Gerusalemme il giorno dopo l'attacco iraniano, tra strade sgombre e paura
Roberto Cetera - Gerusalemme
Le strade di Gerusalemme apparivano ieri mattina decisamente più sgombre che nelle altre domeniche, qui primo giorno lavorativo della settimana. Probabilmente più per stanchezza che per timore di nuovi attacchi aerei. In effetti nessuno ha dormito sabato notte, chi svegliato dalle esplosioni che hanno riguardato diversi punti della città, chi perché rimasto incollato fino all’alba, anche dopo che la delegazione iraniana all’Onu aveva dichiarato la fine dell’attacco, a seguire su televisioni ed internet una notte di tensione che rimarrà nella storia di Israele, e in particolare di Gerusalemme.
Infatti mai ci si sarebbe aspettato che i vetri della Città vecchia potessero tremare per le esplosioni causate dagli intercettatori di Iron Dome contro i droni e missili lanciati da Teheran e dai suoi alleati.
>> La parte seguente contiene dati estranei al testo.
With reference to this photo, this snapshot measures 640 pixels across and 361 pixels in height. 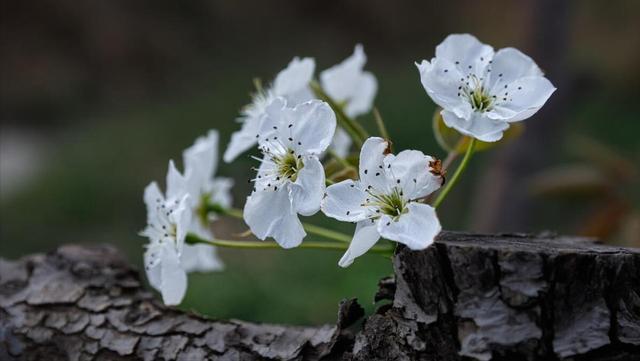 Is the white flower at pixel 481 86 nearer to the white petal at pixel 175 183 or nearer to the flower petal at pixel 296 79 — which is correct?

Le scie luminose e tuonanti sulla cupola dorata della Roccia nella Spianata delle Moschee – Monte del Tempio sono divenute iconiche di questa notte di paura e rapidamente diffuse dalle tv di tutto il mondo. Poi, concluso l’attacco già dopo le 2:30 locali si è potuta meglio comprendere la reale portata delle incursioni aeree, ridimensionandone gli effetti e l’efficacia, soprattutto grazie all’eccellente funzionamento del sistema di protezione aerea di Israele. La mattina, tra le poche persone che pure si incontravano, regnava in effetti un clima di soddisfazione, in entrambe le aree della città.
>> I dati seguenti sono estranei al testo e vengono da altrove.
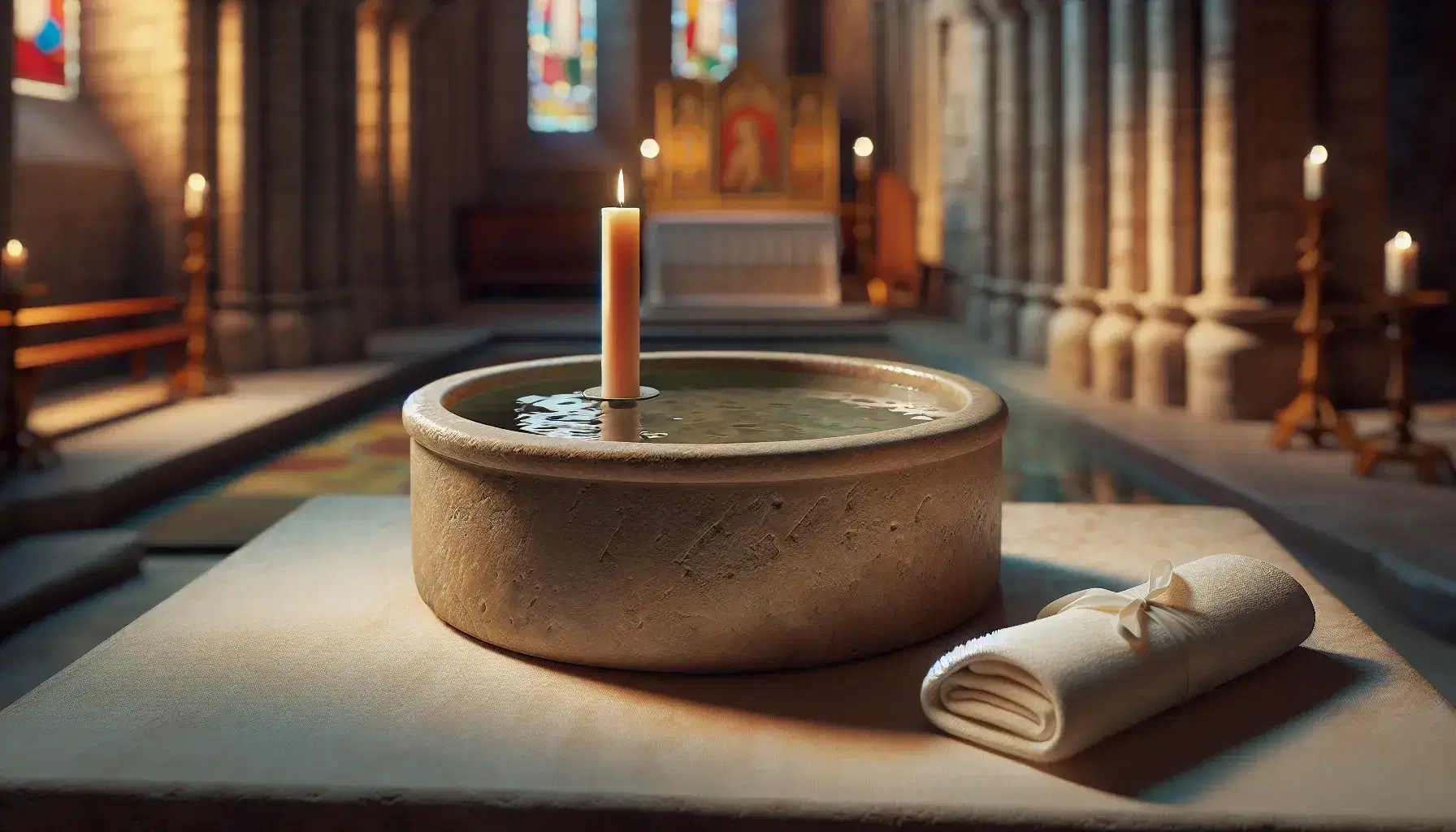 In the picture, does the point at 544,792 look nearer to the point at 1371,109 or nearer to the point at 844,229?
the point at 1371,109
Il paradosso del day after di questo nuovo capitolo del conflitto mediorientale è proprio che tutti oggi si intitolano una vittoria. Canti e balli a Tel Aviv come a Teheran. Soddisfatti gli israeliani per aver contenuto senza eccessivi danni l’attacco iraniano (alla fine sarebbero limitati al ferimento grave di una bambina beduina di sette anni, e al danneggiamento parziale di una base aerea nel Negev). Soddisfatti gli iraniani per aver dato una “lezione” ad Israele, vendicando l’uccisione in Siria del generale dei pasdaran Razi Moussavi (tra l’altro, è la prima volta che l’Iran conduce un’operazione militare contro Israele, senza intermediari e dal proprio suolo). Un attacco dunque dal grande segno politico ma di scarso peso militare, come forse pure era nelle intenzioni degli ayatollah, che non sembrano interessati ad un ulteriore escalation del conflitto. E soddisfatti anche i palestinesi, che da un lato non hanno mancato di apprezzare l’attacco contro il comune “nemico” – nel quartiere musulmano della Città vecchia il rumore delle esplosioni era echeggiato dal suono dei clacson e da grida di approvazione – ma dall’altro temevano le ripercussioni che si sarebbero scatenate contro di loro se gli effetti delle incursioni aeree fossero stati più tragici. Soprattutto nei territori occupati della Cisgiordania dove la tensione è tornata drammaticamente a salire negli ultimi giorni intorno agli insediamenti illegali di Israele.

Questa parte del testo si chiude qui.